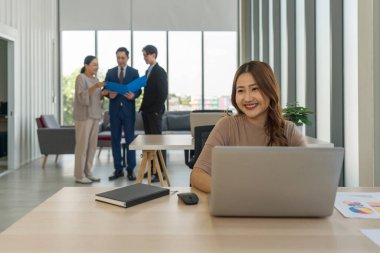 Genç bir kadın ön planda oturuyor, gülümsüyor ve dizüstü bilgisayarla çalışıyor. Arka planda, üç kişi daha bir sohbete katılıyor, bir belgeyi paylaşıyorlar. Ofiste geniş pencereli atmosfer.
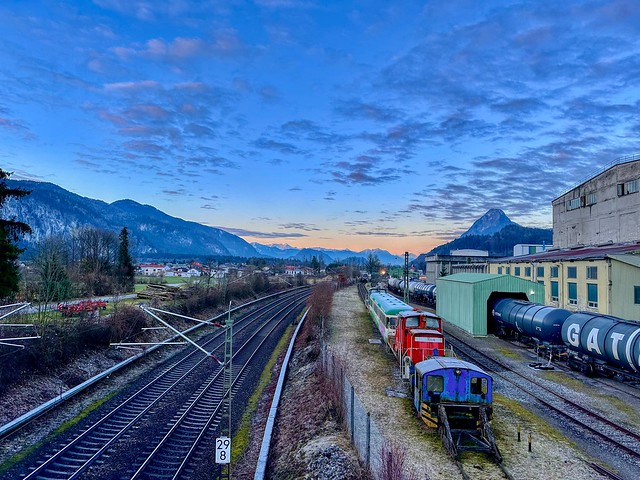 Railway yard at the old cement mill in Kiefersfelden in the river Inn valley with Pendling mountain at dawn in Bavaria, Germany
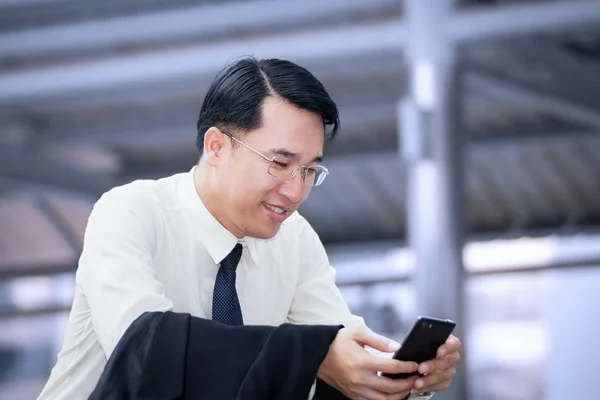 Uomo d'affari seduto e utilizzando un telefono cellulare — Foto Stock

*GOAL OF THE EXERCISE*
Print the whole listing exactly. No pictures belong in the copy.

*OUTPUT*
 Genç bir kadın ön planda oturuyor, gülümsüyor ve dizüstü bilgisayarla çalışıyor. Arka planda, üç kişi daha bir sohbete katılıyor, bir belgeyi paylaşıyorlar. Ofiste geniş pencereli atmosfer.
 Railway yard at the old cement mill in Kiefersfelden in the river Inn valley with Pendling mountain at dawn in Bavaria, Germany
 Uomo d'affari seduto e utilizzando un telefono cellulare — Foto Stock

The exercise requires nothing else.